WHAT IS EXPECTED | Instruction for the entries below: return the part that opens with the line containing "New! WellJoy Cat" and closes with the line containing "Thumbnail photo of Renato #1", exactly, and no pictures.

[Short text fragments from websites]
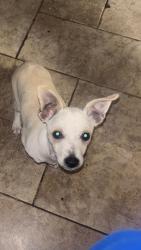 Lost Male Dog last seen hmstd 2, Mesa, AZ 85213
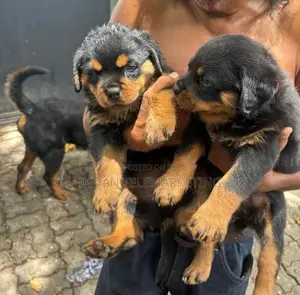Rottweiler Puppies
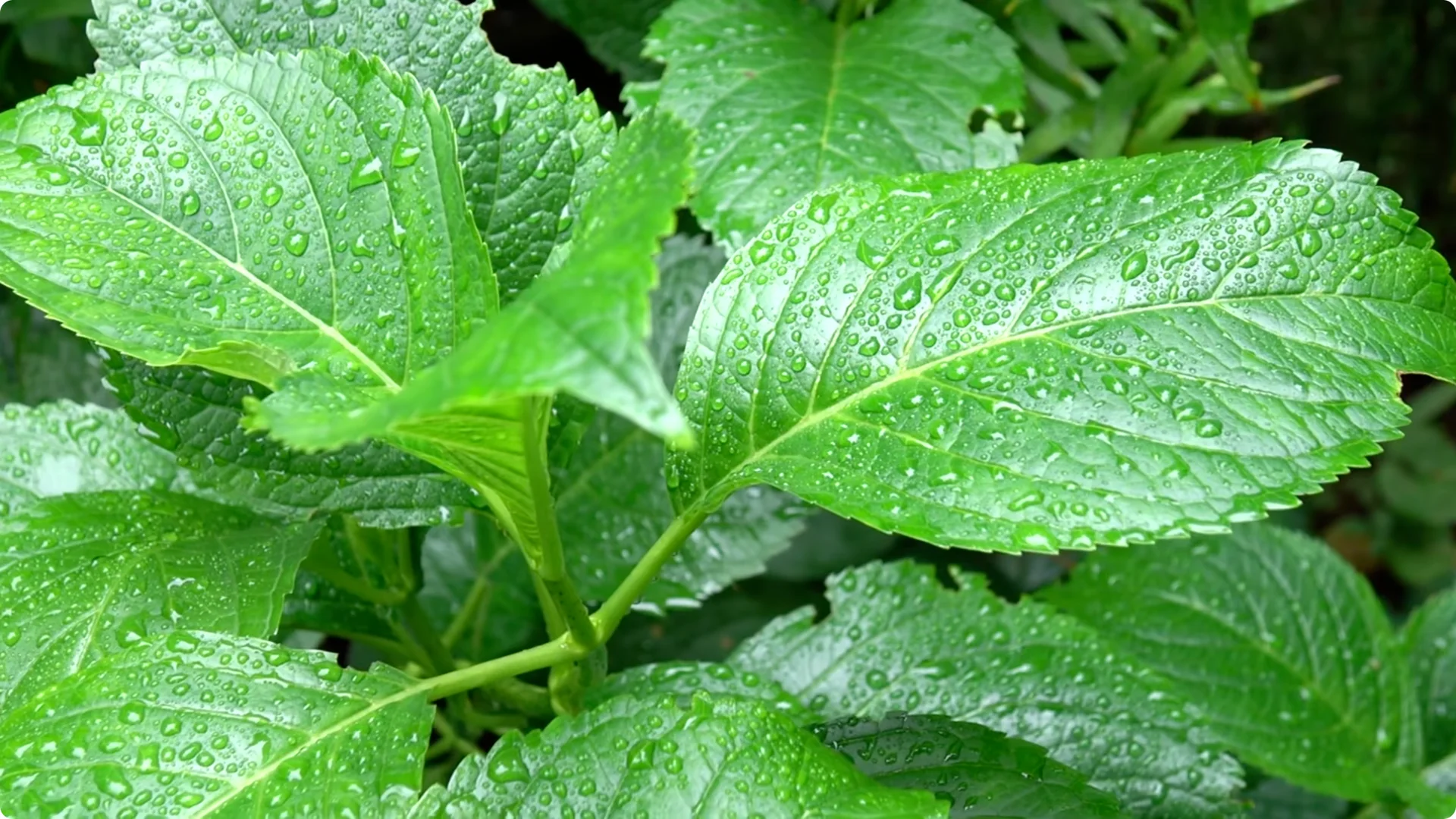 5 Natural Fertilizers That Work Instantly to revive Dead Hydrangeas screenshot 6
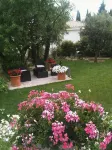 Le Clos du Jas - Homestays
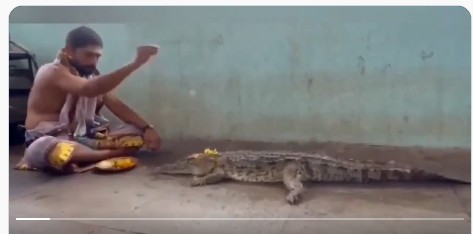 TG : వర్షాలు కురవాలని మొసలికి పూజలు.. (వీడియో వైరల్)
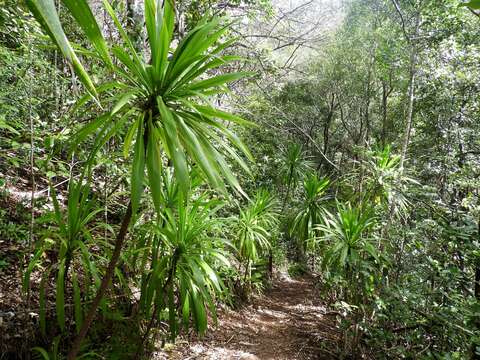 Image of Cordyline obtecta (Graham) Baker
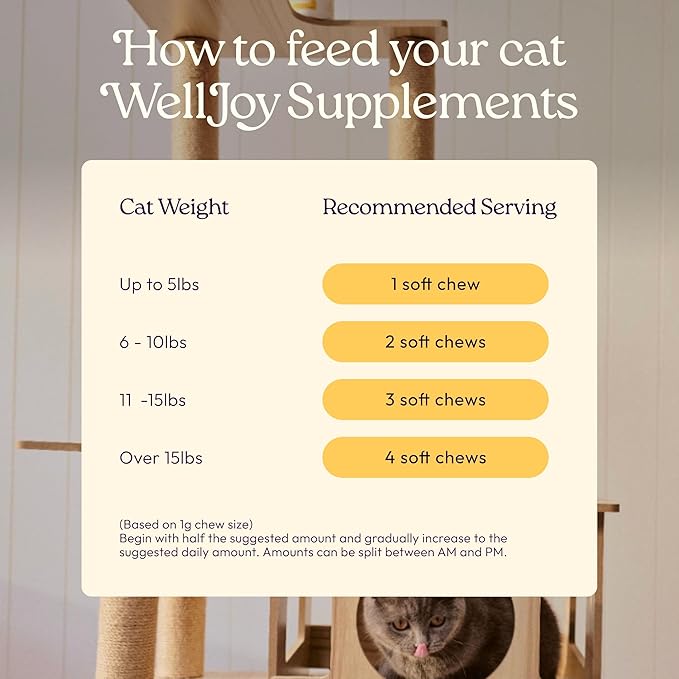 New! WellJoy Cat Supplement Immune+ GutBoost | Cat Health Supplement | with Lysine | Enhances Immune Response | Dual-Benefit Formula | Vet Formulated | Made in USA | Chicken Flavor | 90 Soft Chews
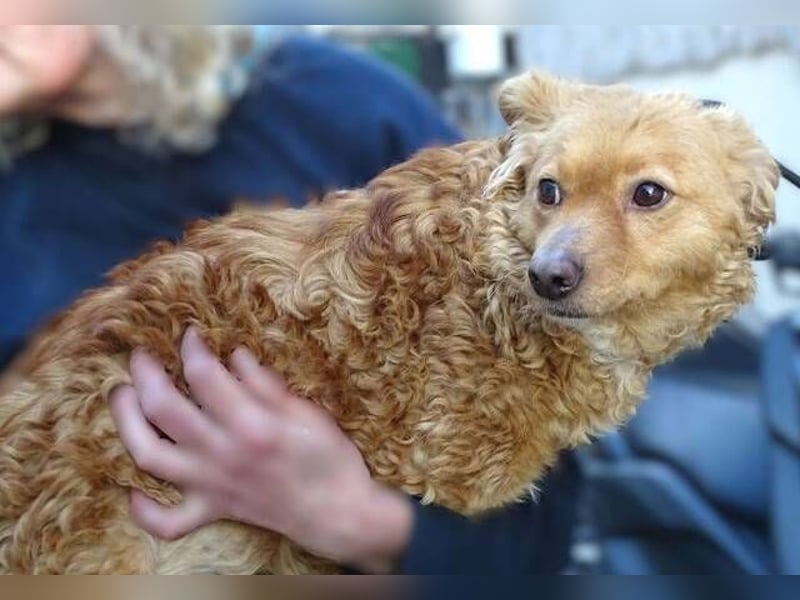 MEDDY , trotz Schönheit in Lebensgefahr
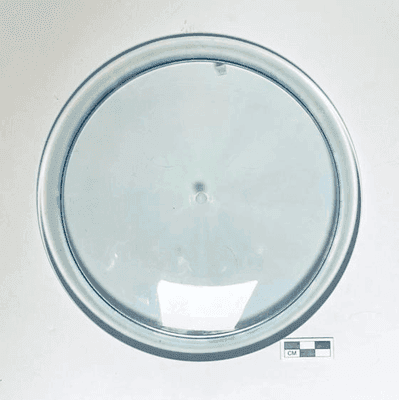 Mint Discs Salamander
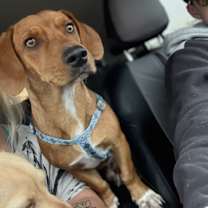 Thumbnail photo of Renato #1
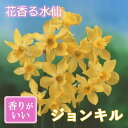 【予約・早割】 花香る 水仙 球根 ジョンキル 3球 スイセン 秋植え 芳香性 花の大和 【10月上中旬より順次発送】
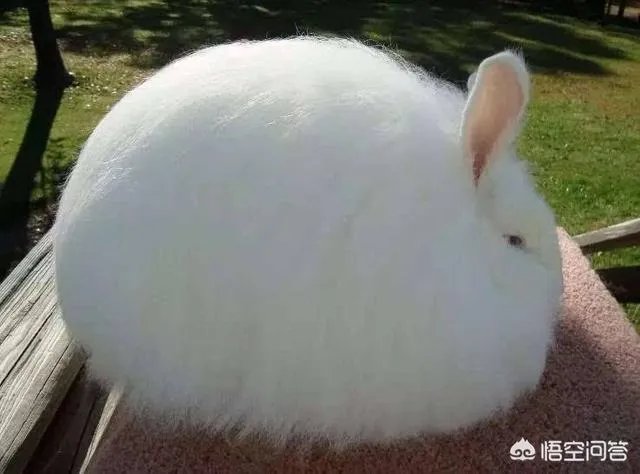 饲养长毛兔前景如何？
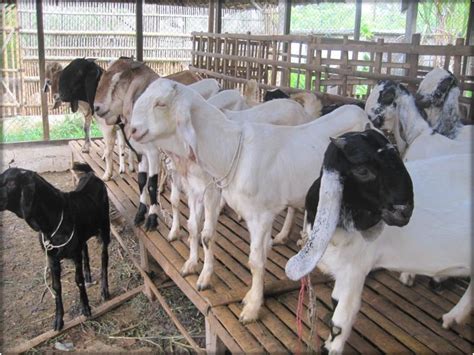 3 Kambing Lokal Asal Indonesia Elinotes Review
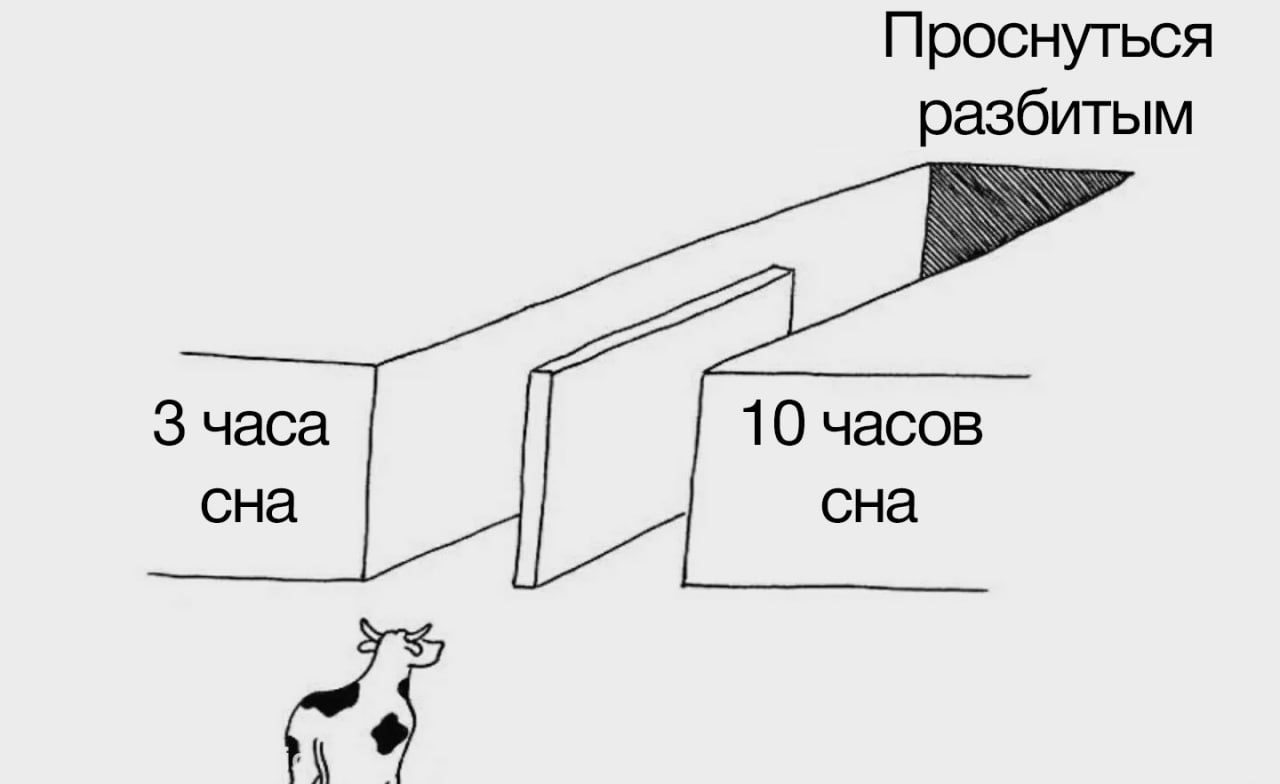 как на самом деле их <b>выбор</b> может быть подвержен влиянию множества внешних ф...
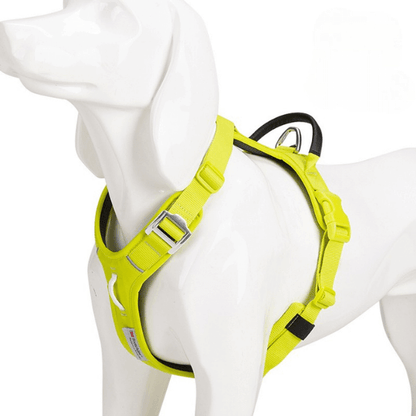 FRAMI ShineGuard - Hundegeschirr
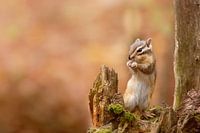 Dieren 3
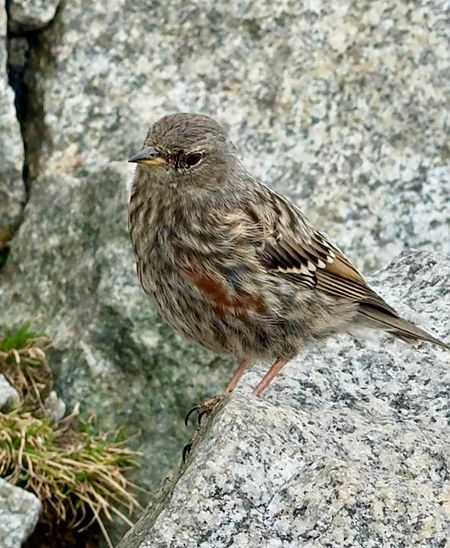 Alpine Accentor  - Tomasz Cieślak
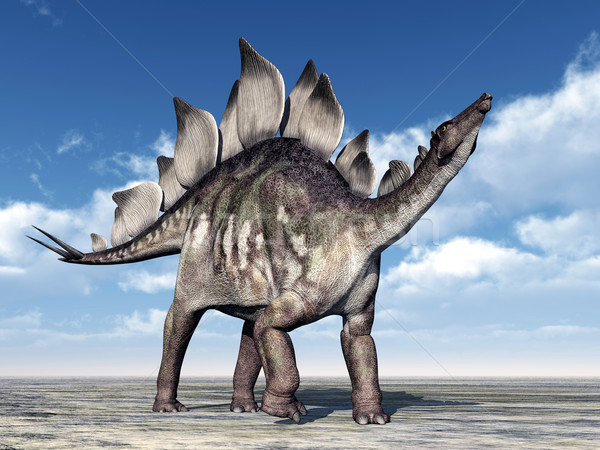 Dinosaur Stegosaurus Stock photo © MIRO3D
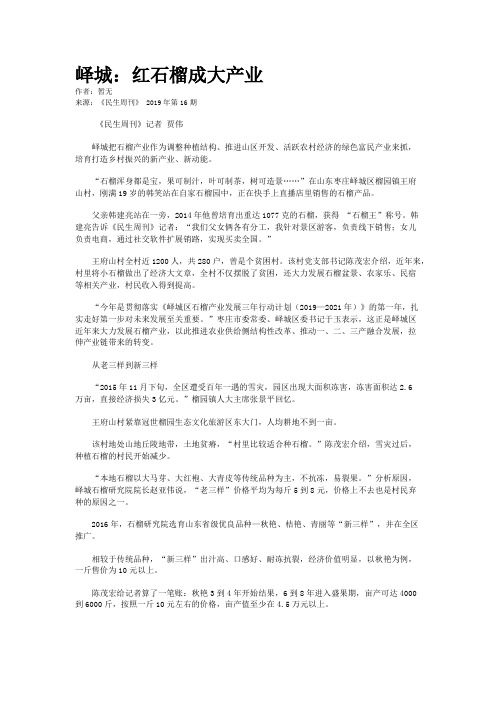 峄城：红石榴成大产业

ANSWER SPACE |
 New! WellJoy Cat Supplement Immune+ GutBoost | Cat Health Supplement | with Lysine | Enhances Immune Response | Dual-Benefit Formula | Vet Formulated | Made in USA | Chicken Flavor | 90 Soft Chews
 MEDDY , trotz Schönheit in Lebensgefahr
 Mint Discs Salamander
 Thumbnail photo of Renato #1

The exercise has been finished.